As has become an annual activity for our organization, before we ring in the new year, we take a look back at events, projects and moments from 2014 that have impacted the health care scene in our communities and our nation.
On day nine of our Year In Review series, HCF Program Officer Adriana Pecina was inspired by a conference that explored incorporating equity into funding strategies.
This year, I was fortunate to attend the first ever Convergence Leadership Institute (CLI), during which we explored how to incorporate equity into funding strategies.
The CLI was hosted by the National Convergence Partnership, which was created to promote policies and practices that advance the convergence vision of healthy people in healthy places. They accomplish this by strengthening advocacy capacity and leadership.
Eighteen teams consisting of foundation leadership, staff, consultants and nonprofit partners participated in this two-day institute. We heard from national and regional convergence leaders, racial equity and advocacy trainers, and local community leaders about various ways to impact policy and build advocacy capacity through grantmaking and community engagement.
In addition to hearing from leaders in the field, participants engaged in small group and roundtable discussions focused on strategies for promoting policies and practices to advance healthy people in healthy places.
At the close of the event, teams shared how they plan to commit to equity when they return to their states and regions. As I considered what to write about my Year in Review entry, I felt compelled to share with you what I brought back to our region:
If we truly want lasting, meaningful or sustainable change, beyond a grant or the presence of funders, we need to work to ensure that everybody has the opportunity to participate and prosper.
It’s about helping communities come up with their own solutions. We need to listen and be humble.
Use an asset-based approach. Don’t marginalize, but LIFT UP.
“Fear trumps facts.” We don’t know what we don’t know. We’re not the experts, but we need to be brave and courageous and know that if we fail, it’s okay to get up and try again. Fail fast and fail forward. Learn from it.
Our work needs to be rooted in culture and tradition of community. We need to have respect for each other, to be genuine and authentic, to be a bridge and to be reflective of the community we serve
The institute provided a great opportunity to see not so much what we can do but HOW it can be done. Reflecting on 2014, the Community Conversation on Health was a great step toward bringing people of all voices together to discuss community health solutions.
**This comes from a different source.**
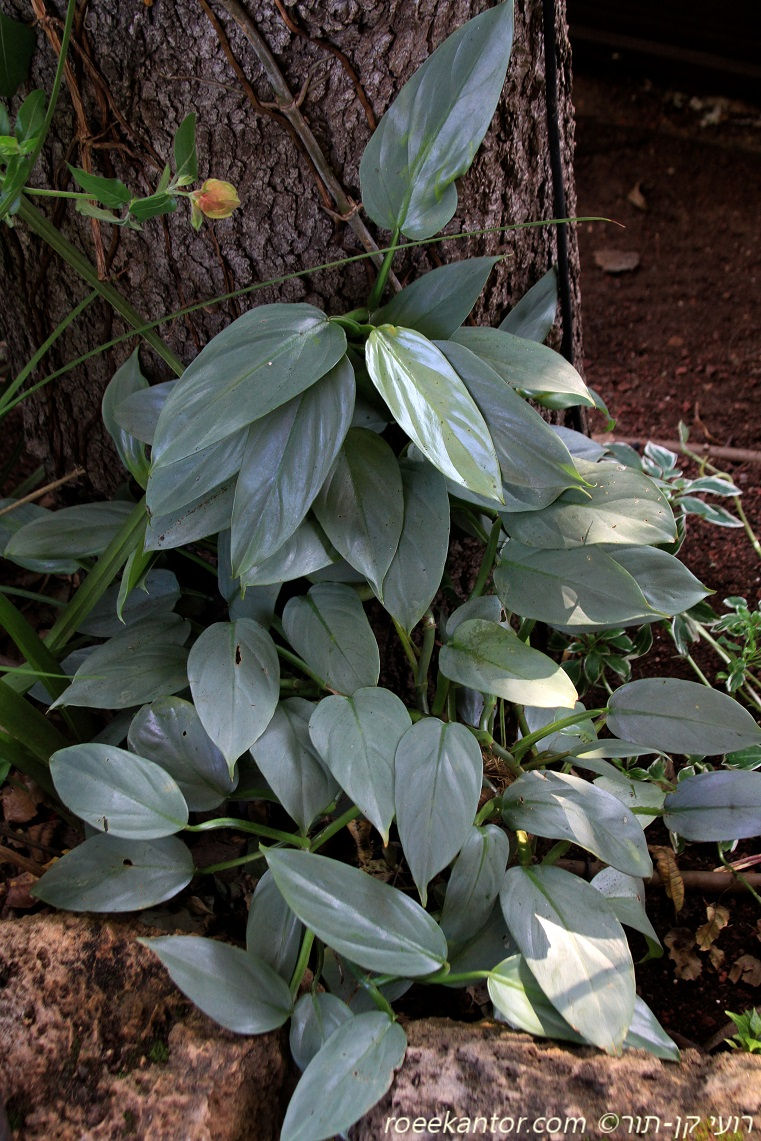 פילודנדרום 'מון לייט' Philodendron 'Moon Light'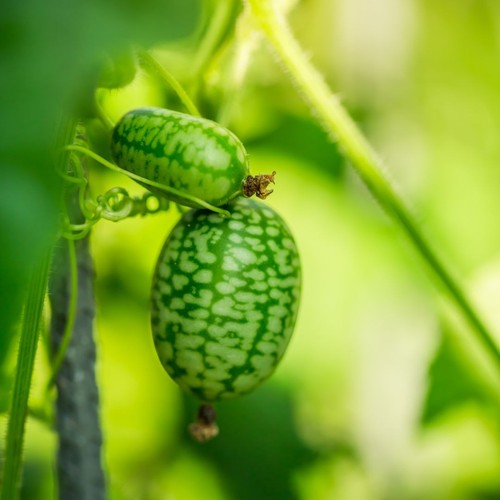 Cucamelon plant plugs 3 - plugs, x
In 2015, how will you incorporate equity considerations into your strategy? There are a few simple questions that can help guide your efforts.
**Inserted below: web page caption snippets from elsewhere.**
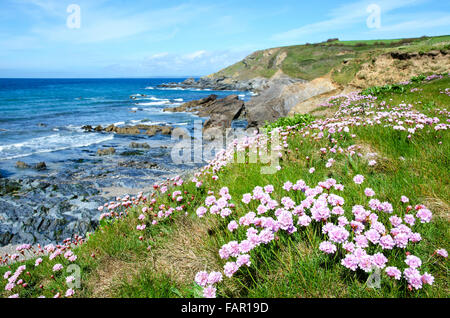 Dollar-Bucht bei Gunwalloe in Cornwall, England, UK Stockfoto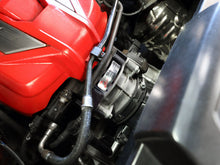 Load image into Gallery viewer, Photo - Mounted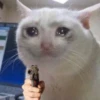 Crying Cat 14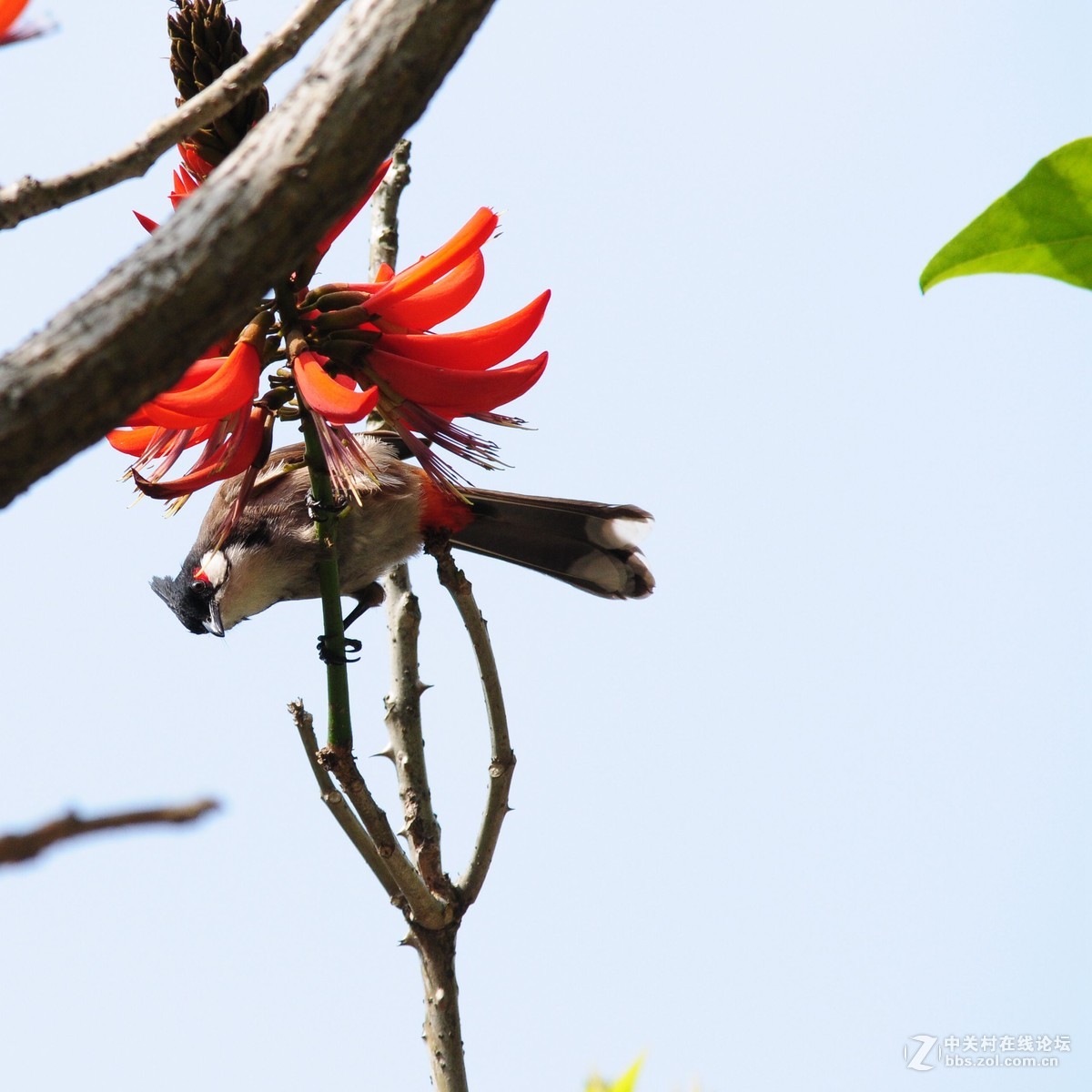 刺桐花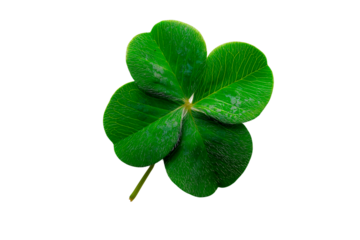 four leaf clover isolated green clover isolated on white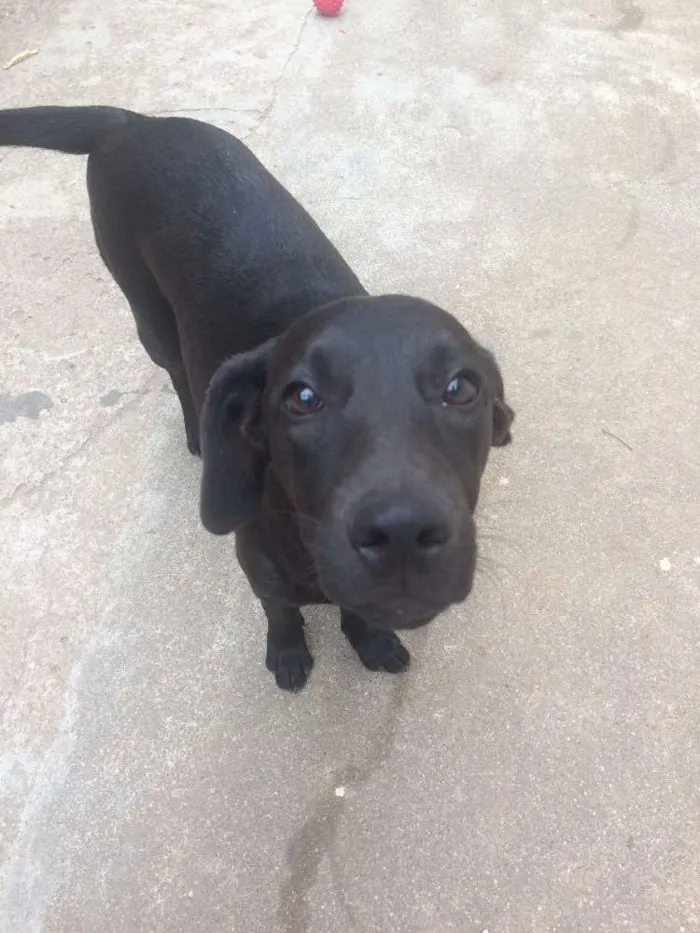 Cachorro ra a SRD idade 7 a 11 meses nome Vicente 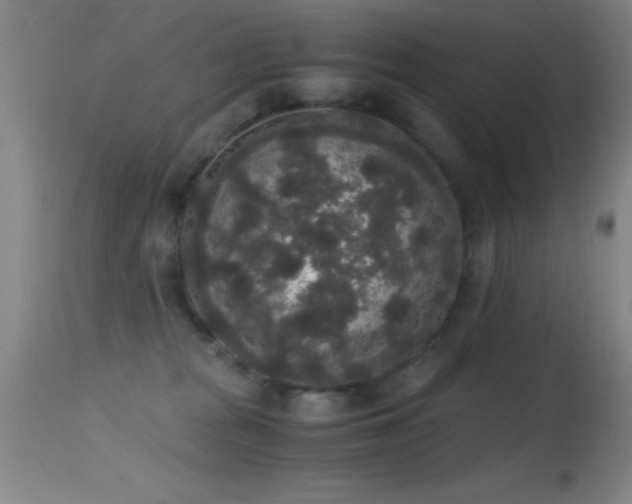 X0000114660277200910201537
When developing a project ask yourself:
• What inequities will be reduced as a result of this strategy?
• How will your strategy promote meaningful and authentic community engagement?
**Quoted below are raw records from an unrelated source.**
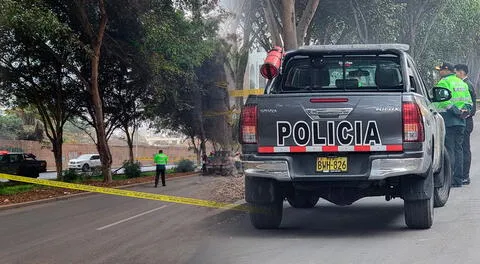 Dos cuerpos calcinados son hallados en plena avenida de Ate.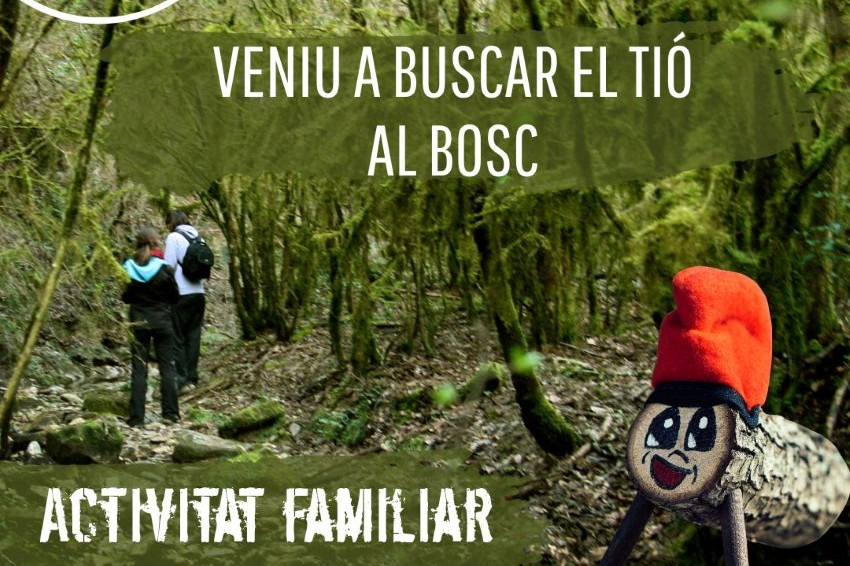 Buscar el Tió amb Fang Aventura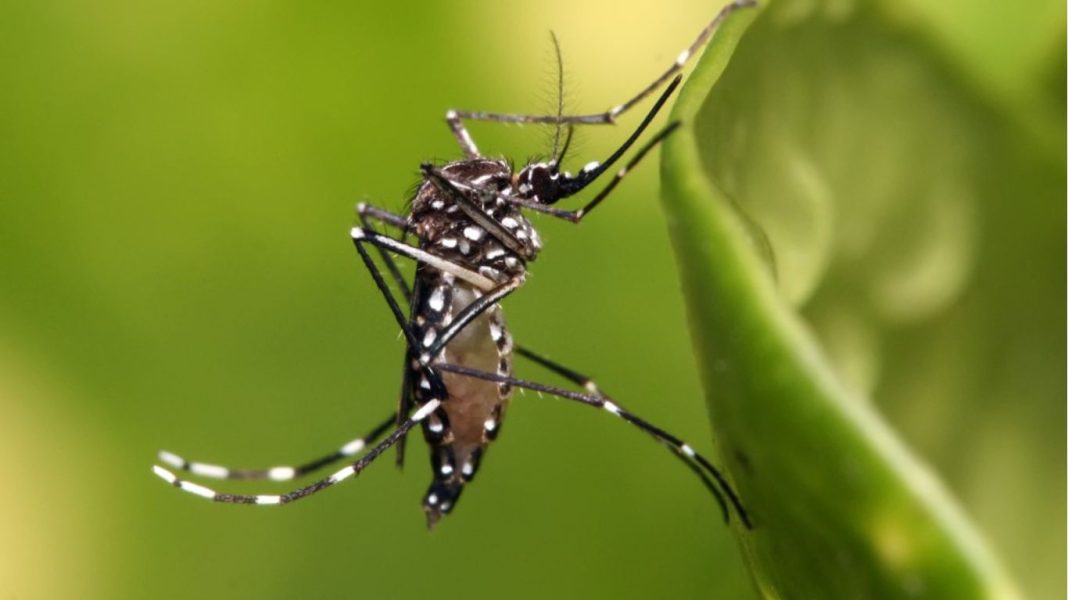 quarta morte dengue taubaté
• How does the proposed strategy affect policy and or systemic change
• How does this action help to achieve greater racial and economic equity such that it will expand opportunity and access for those most impacted by the inequities (race, class, socio-economic, geographic, etc.)
I left the conference inspired and proud. Inspired by the work going on. Inspired to do more. And proud to be part of an organization that, since inception, has used the health equity lens in all that it does. I know in the years ahead we will continue to look for better opportunities to listen to and help elevate the voices of the most affected: people of under-resourced communities and people of color.